> [DATA SEGMENT]:
···

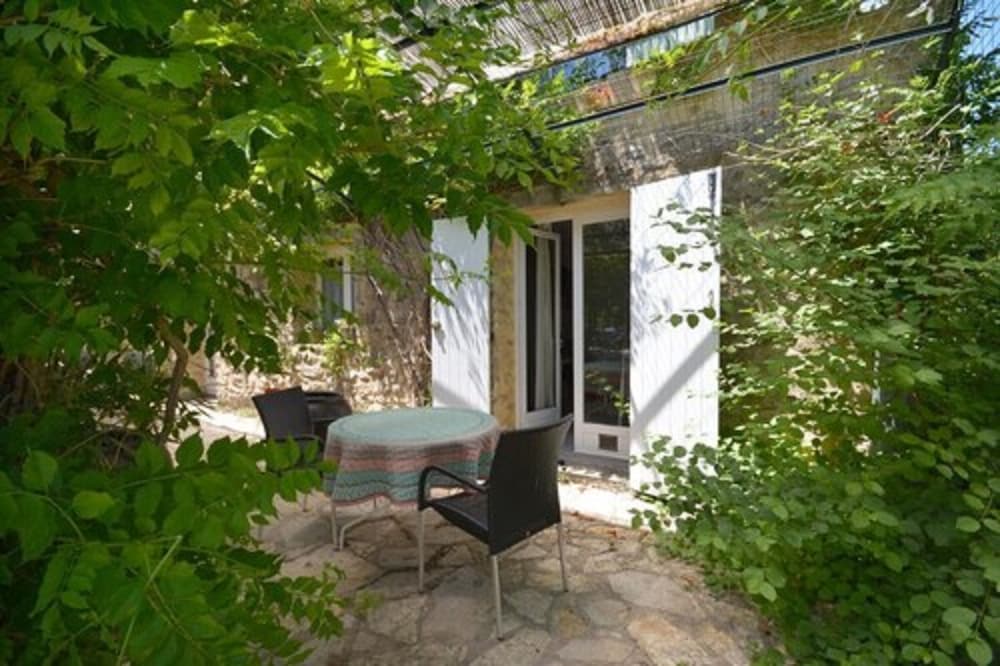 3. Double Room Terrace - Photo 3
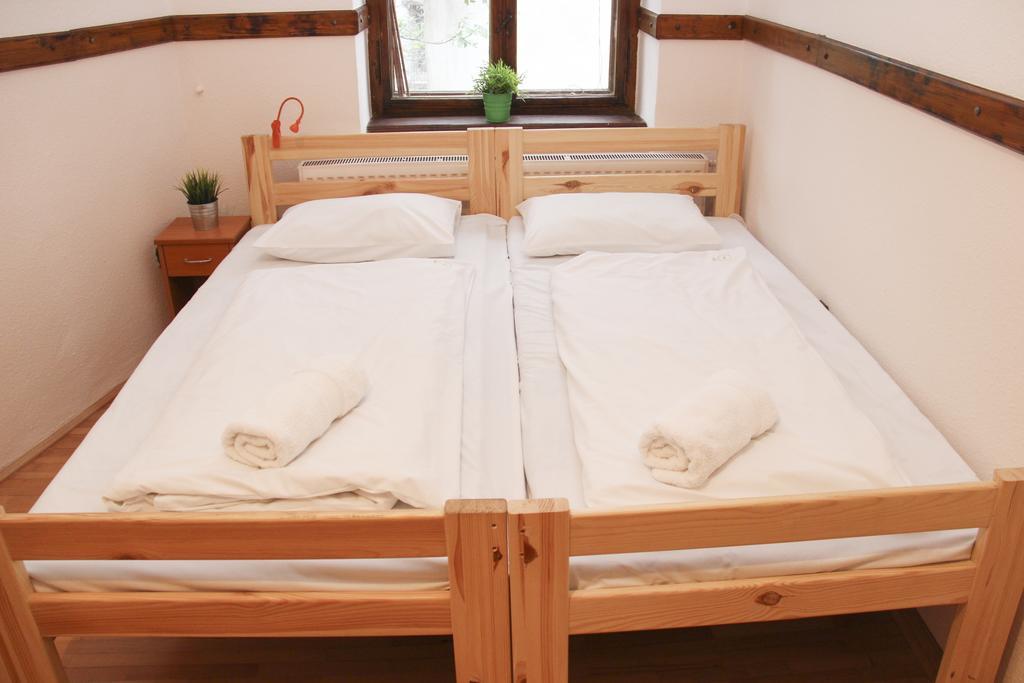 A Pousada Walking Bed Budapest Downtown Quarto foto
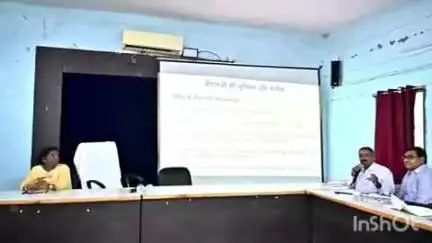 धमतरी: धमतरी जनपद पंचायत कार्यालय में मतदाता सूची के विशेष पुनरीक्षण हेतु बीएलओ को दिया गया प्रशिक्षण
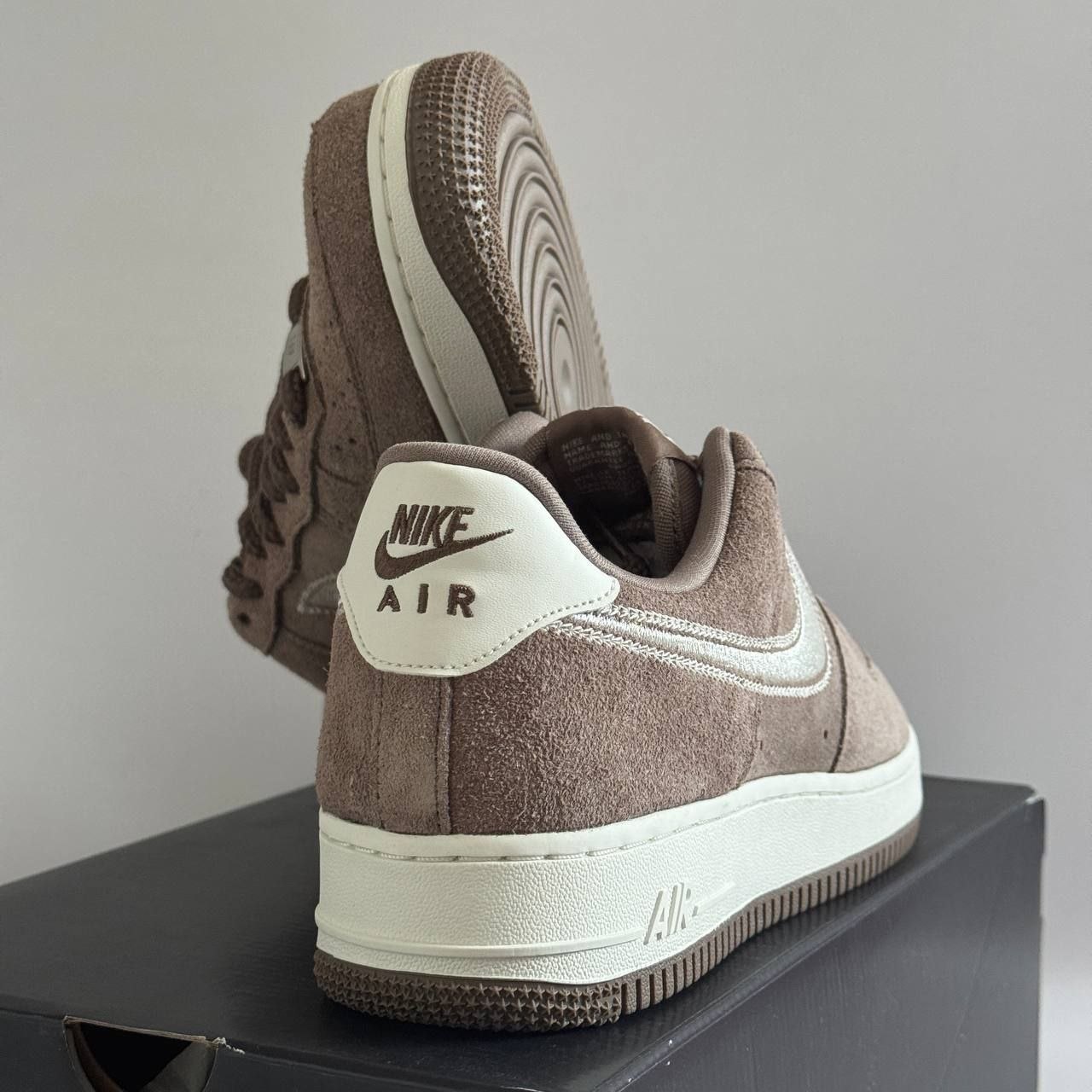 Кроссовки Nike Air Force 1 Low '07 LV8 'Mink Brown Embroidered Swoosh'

···

> [WHAT THIS TASK INVOLVES]: The expected answer is the data retyped exactly, without pictures.

> [WORKED SOLUTION]:
 3. Double Room Terrace - Photo 3
 A Pousada Walking Bed Budapest Downtown Quarto foto
 धमतरी: धमतरी जनपद पंचायत कार्यालय में मतदाता सूची के विशेष पुनरीक्षण हेतु बीएलओ को दिया गया प्रशिक्षण
 Кроссовки Nike Air Force 1 Low '07 LV8 'Mink Brown Embroidered Swoosh'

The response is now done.